▶ _Your assignment_
Since the pictures are not wanted, retype the listing below exactly and without them.

▶ _Data_
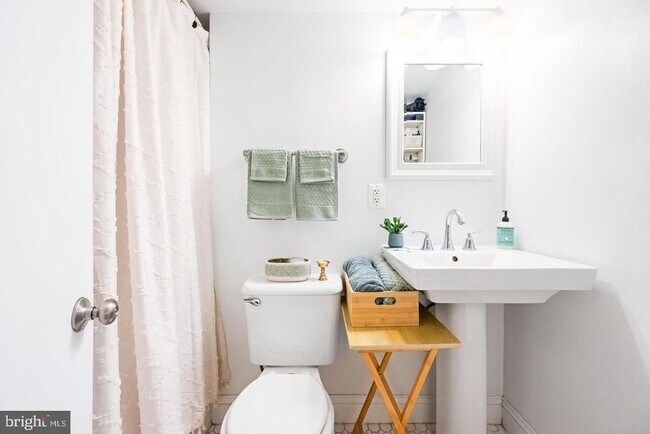 Photo - 1701 16th St NW Unit 204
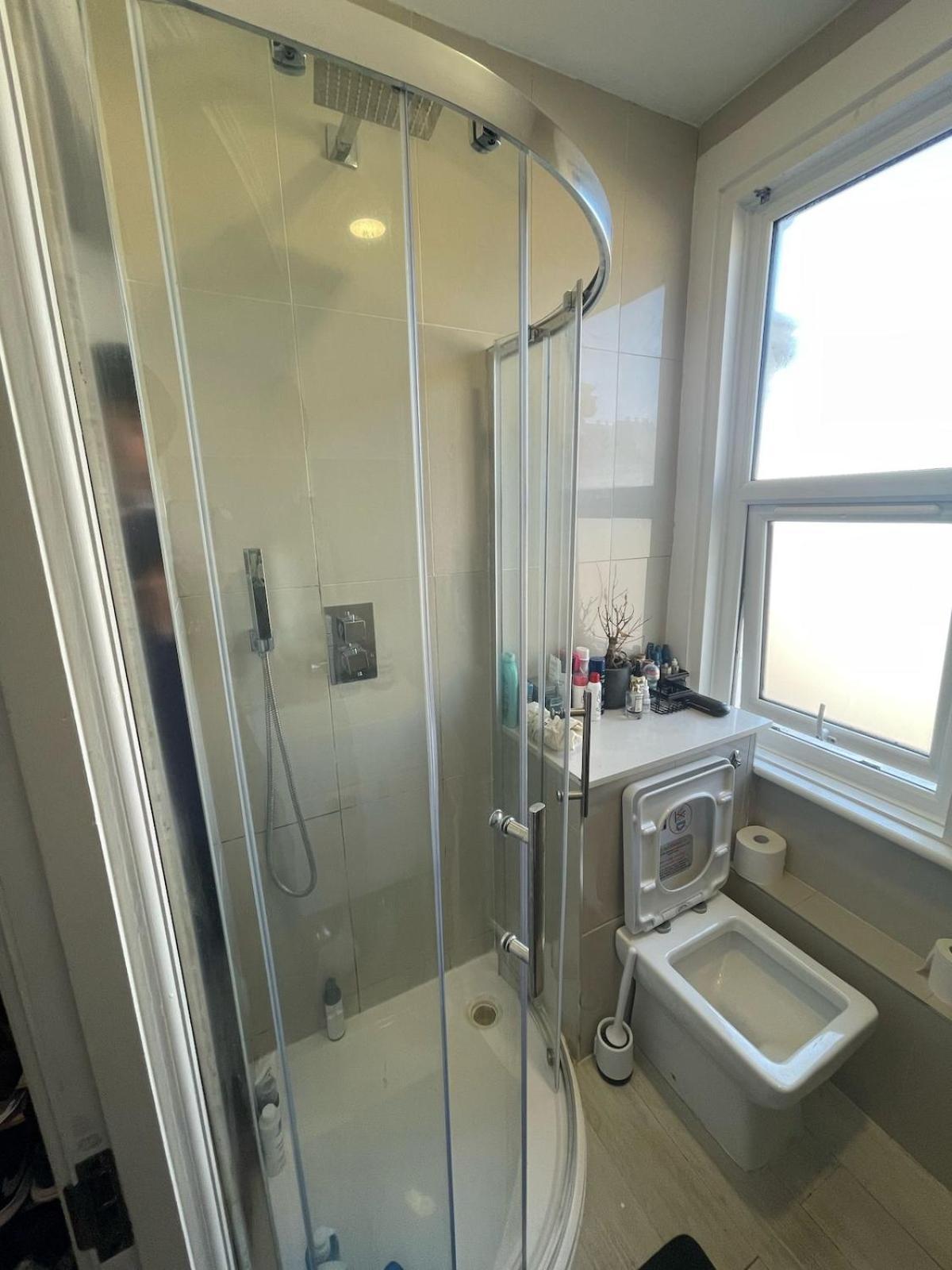 Boutique 2br With Roof Terrace Near Tube - West Kensington Londen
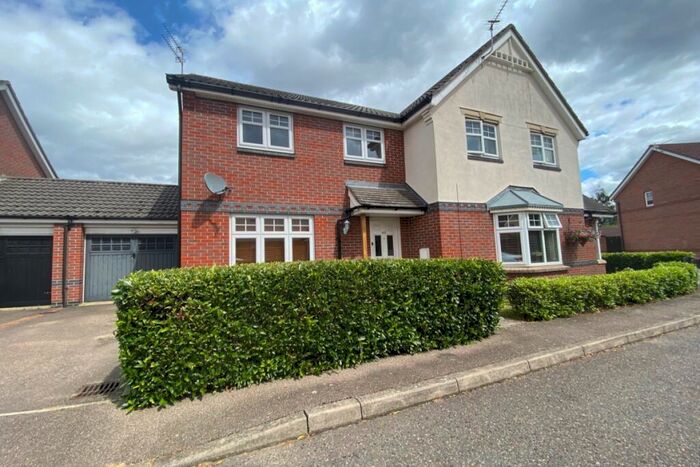 3 Bedroom Semi-Detached House To Rent In Wilks Farm Drive, Sprowston, Norwich, NR7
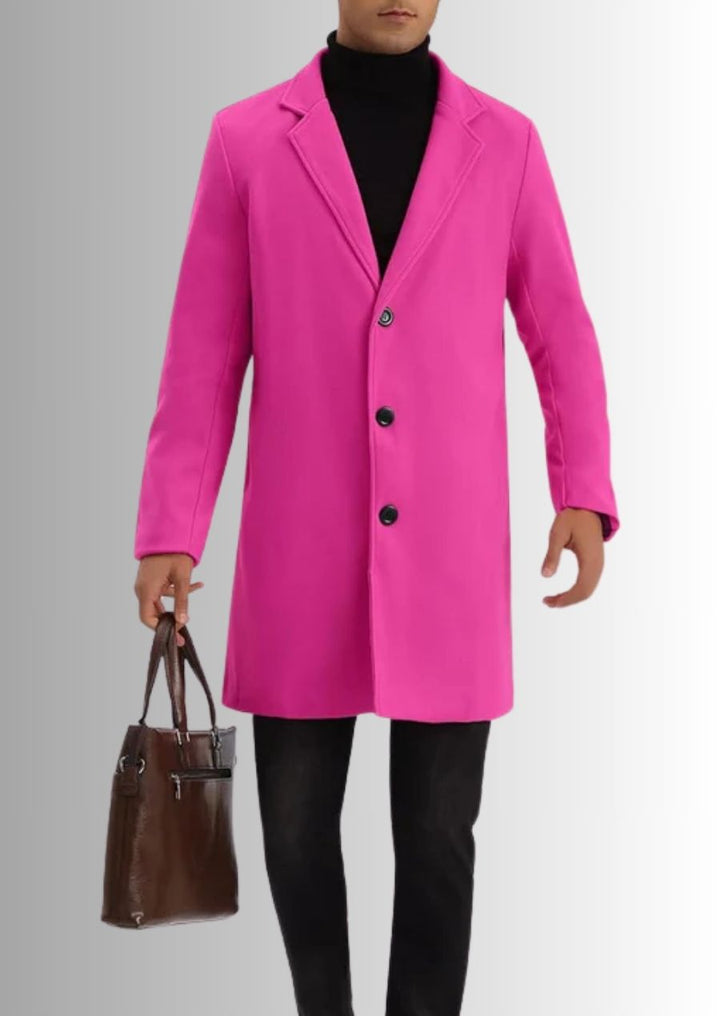 Manteau trench rose en cuir pour homme, un style chic et moderne pour les occasions spéciales.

▶ _Written reply_
 Photo - 1701 16th St NW Unit 204
 Boutique 2br With Roof Terrace Near Tube - West Kensington Londen
 3 Bedroom Semi-Detached House To Rent In Wilks Farm Drive, Sprowston, Norwich, NR7
 Manteau trench rose en cuir pour homme, un style chic et moderne pour les occasions spéciales.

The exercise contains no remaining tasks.